Defendants based their request to dismiss Puppala's § 1985 claims on the absence of an underlying constitutional violation. Because the complaint does not indicate which subsection of §1985 defendants violated, the court will analyze the sufficiency of the complaint under all three. Low v. Letsinger, 772 F.2d 308, 311 n.2 (7th Cir. 1985). Only § 1985(3) requires an allegation of an underlying constitutional violation. See Indianapolis Minority Contractors Ass'n, Inc. v. Wiley, 187 F.3d 743, 754 (7th Cir. 1999); Stern v. U.S. Gypsum, Inc., 547 F.2d 1329, 1331 n.2, 1341 n.16 (7th Cir. 1977) (construing § 1985(1) and (2) as defining independent constitutional violations for which § 1985(3) provides a remedial cause of action). Lacking a viable constitutional claim, Puppala's possible § 1985(3) claim must be dismissed.

Puppala has failed to make any other argument in opposition to dismissal of his other potential § 1985 claims, but, briefly addressed, none is apparent. Subsections (1) and (2) address different kinds of conspiracies. Section 1985(1) "applies only to conspiracies aimed at hindering a federal official's discharge of his or her official duties." Roth v. Yingling, No. 10-C-64, 2010 WL 2732304, at *6 (N.D. Ill. July 8, 2010) (citing Friedman v. Vill. of Skokie, 763 F.2d 236, 238 (7th Cir. 1985)). Section 1985(2) has two clauses, the first of which "applies only to intimidation of witnesses in federal court." See Wright, 40 F.3d at 1507. The second clause proscribes conspiracies to interfere with witnesses in state court, but only where the conspiracy has a "class-based animus." Id.
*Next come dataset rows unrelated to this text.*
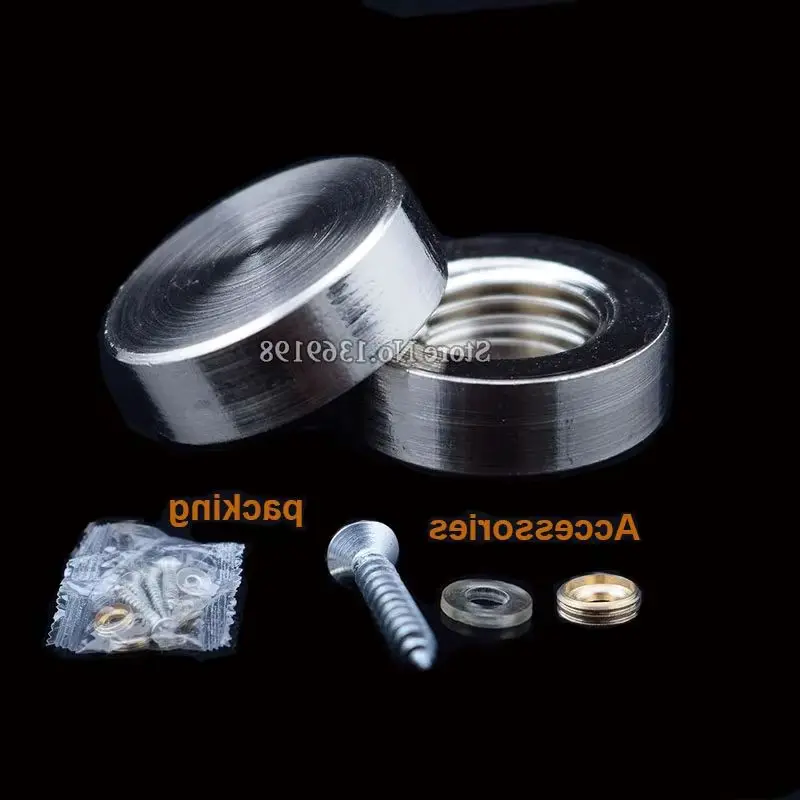 Wholesale 500PCS Solid Copper Advertising Nails Diameter 12~30mm Decorative Caps Acrylic Glass Mirror Nails Screw Fastener Parts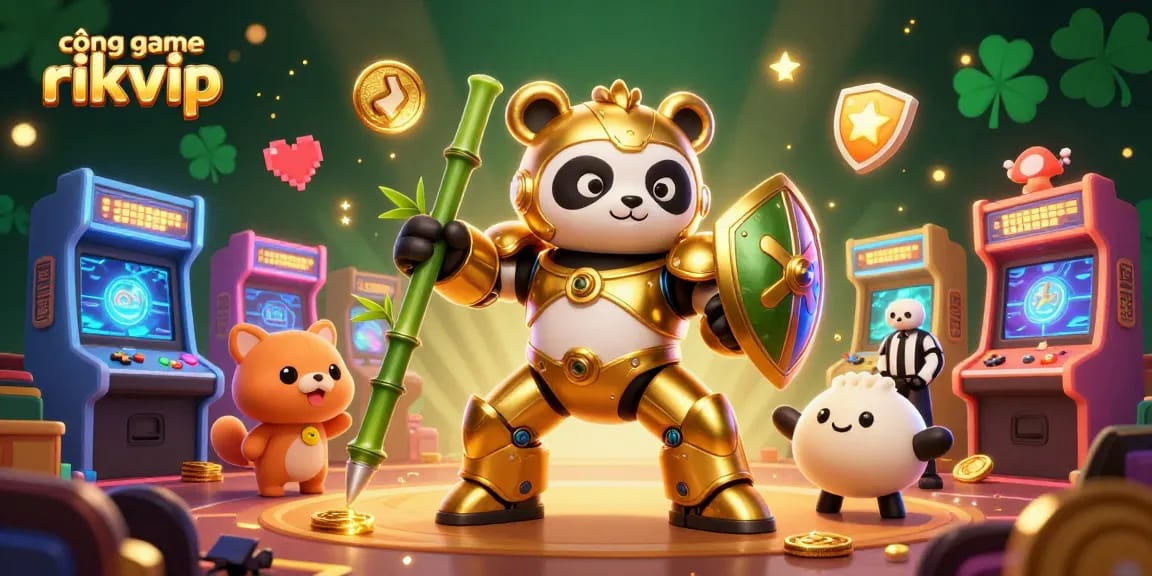 Engage with the cổng game rikvip's exciting casino atmosphere, featuring vibrant characters and gaming elements.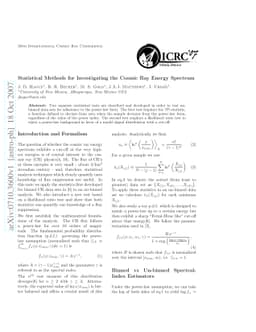 Statistical Methods for Investigating the Cosmic Ray Energy Spectrum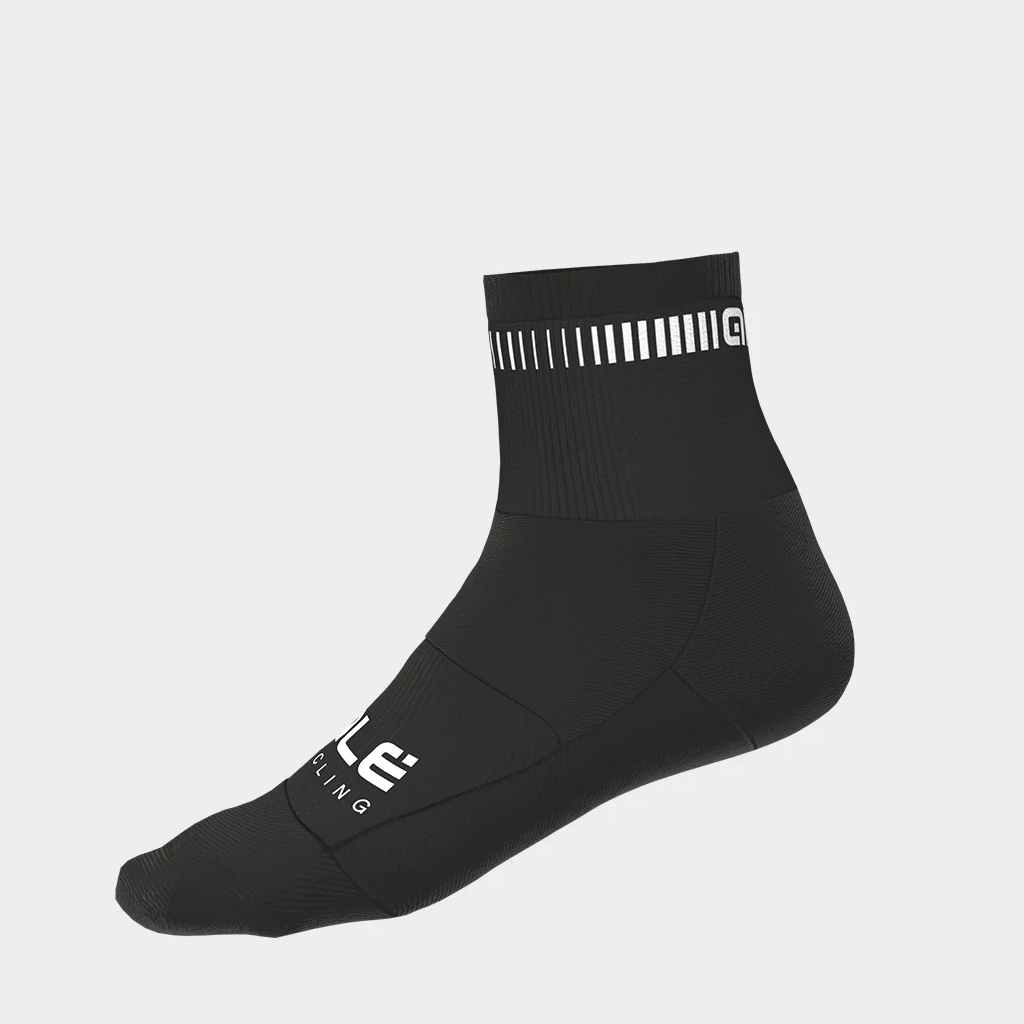 Calzino Alè LOGO Q-SKIN NERO-BIANCO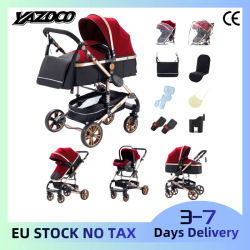 Cochecito funcional pulido 3 en 1 para bebés, módulo de asiento reversible, chasis con altura elevada para una mejor visibilidad, sistema de plegado en un solo paso sin esfuerzo, sistema de acolchado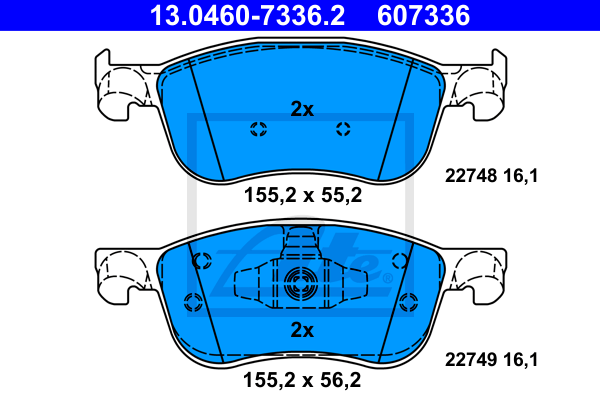 Set placute frana,frana disc 13.0460-7336.2 ATE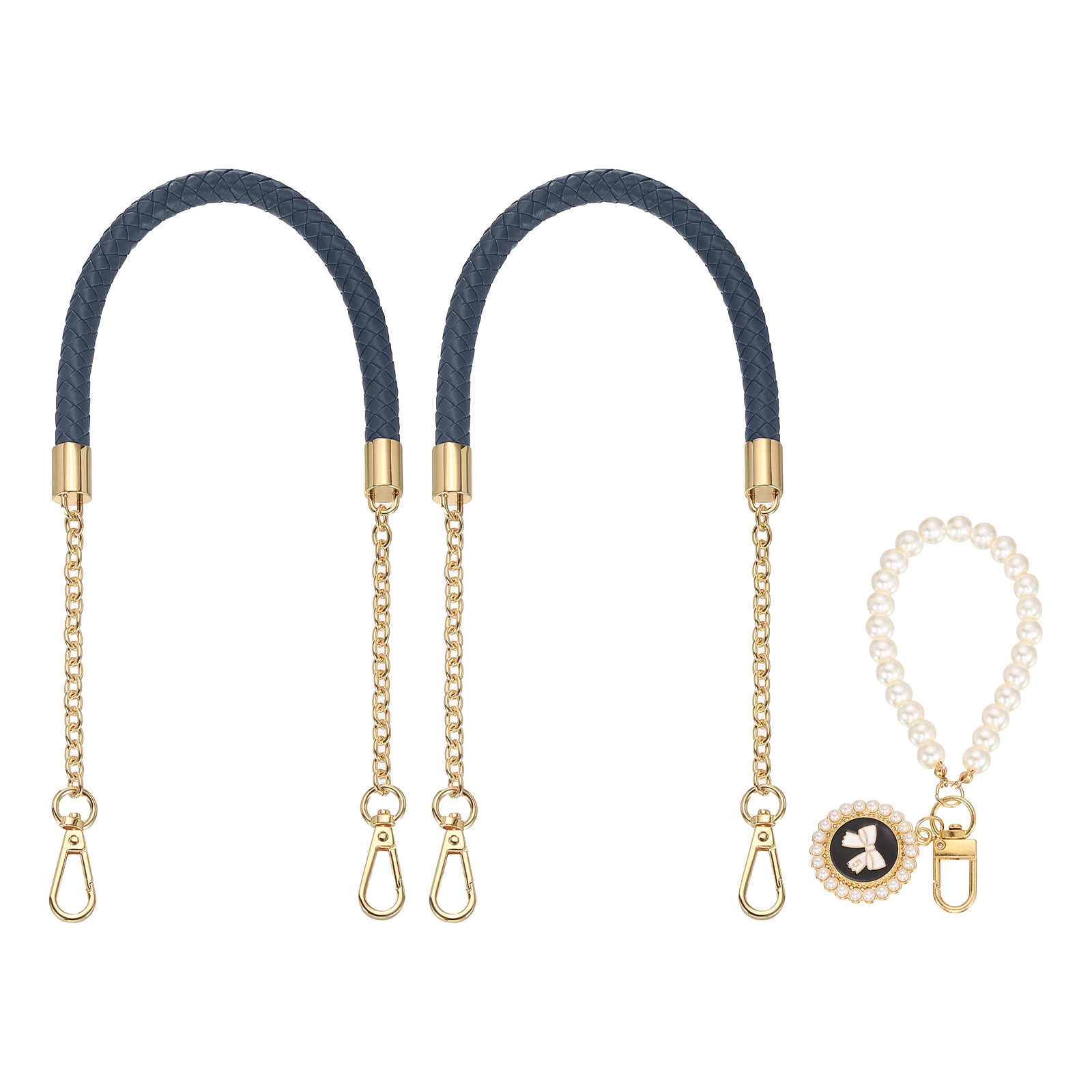 Uxcell 2 Pcs PU Leather Chain Purse Strap, 23.6 Inch Braided Purse Handles Replacement Strap with Pearl Pendant for Tote Bag Handbag Underarm Bag (Blue, Light Gold Chain)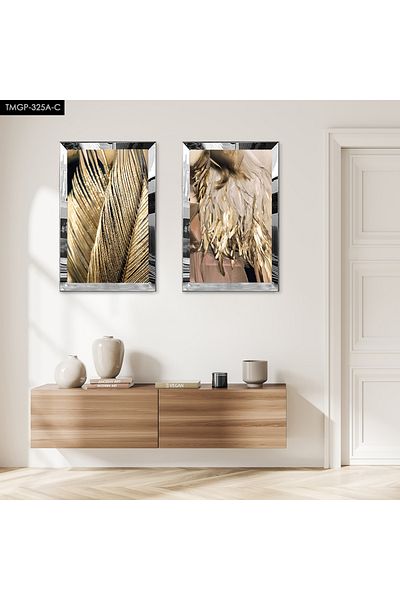 Zevahir Mobilya Dekorasyon SET DE MASA DECORATIVĂ DUALĂ MDF CU CADRU DE PLEXY CU OZAR SILVER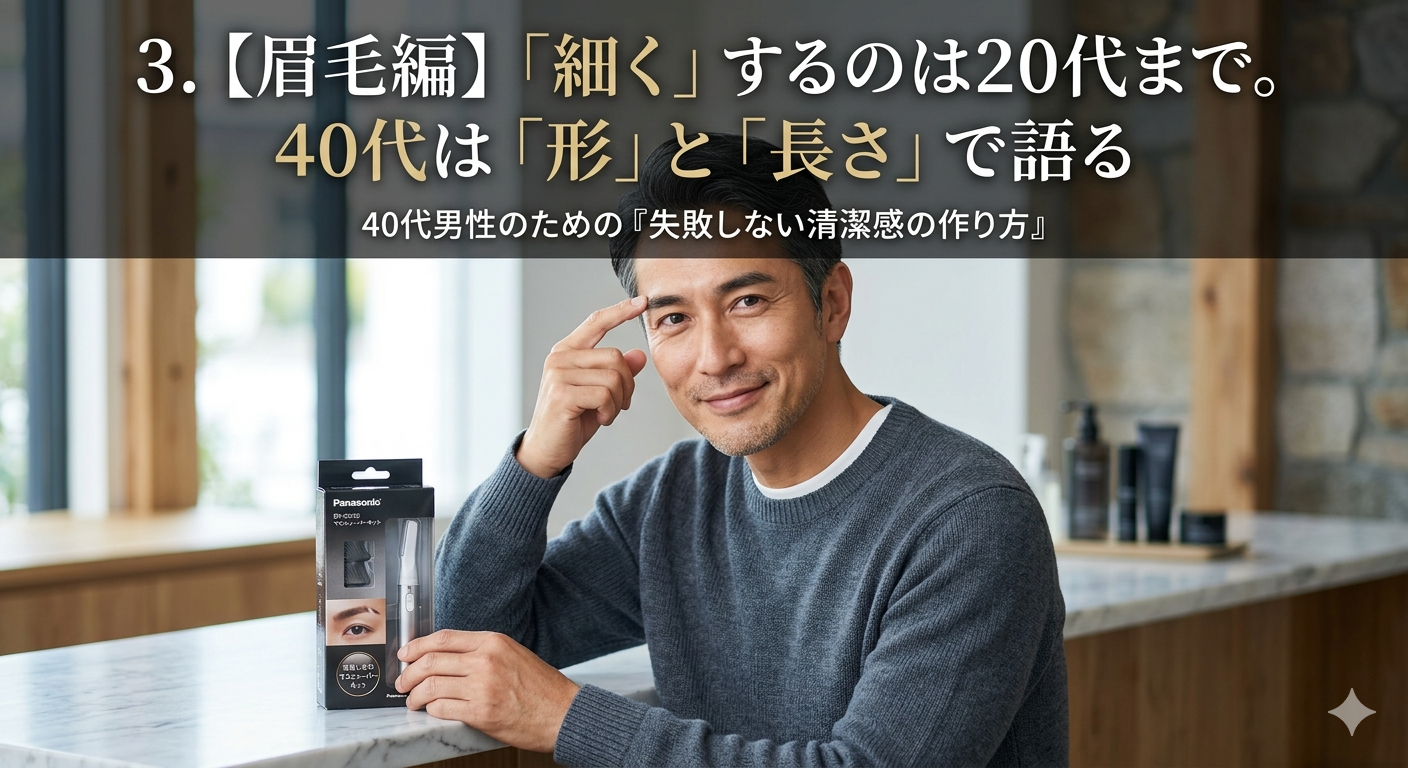 鏡の前で眉毛と鼻毛を整え、清潔感を確認する40代メンズ。エチケットカッターとグルーミングの様子。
Puppala was not a federal official, nor does he allege hindrance of any federal official's duties. Therefore, he cannot state a claim under § 1985(1). Puppala was to be a witness in state court, which falls under the second clause of § 1985(2), but the complaint never mentions a class-based motive. Thus, Puppala's claim also fails under § 1985(2). The conspiracy claim is therefore dismissed without prejudice to refiling should Puppala be able to plead facts supporting a claim under § 1985.

III. State Law Claims

Because all of Puppala's federal claims will be dismissed, the court will decline to exercise pendant jurisdiction over the remaining Illinois state law claim. See 28 U.S.C. § 1367(c)(3).


For the foregoing reasons, defendants' motion to dismiss [#16] is granted. The federal civil rights claims (Counts I, II & III) are dismissed without prejudice to filing an amended complaint on or before October 21, 2010. The motion to dismiss the state retaliatory discharge claim (Count IV) for lack of jurisdiction is granted.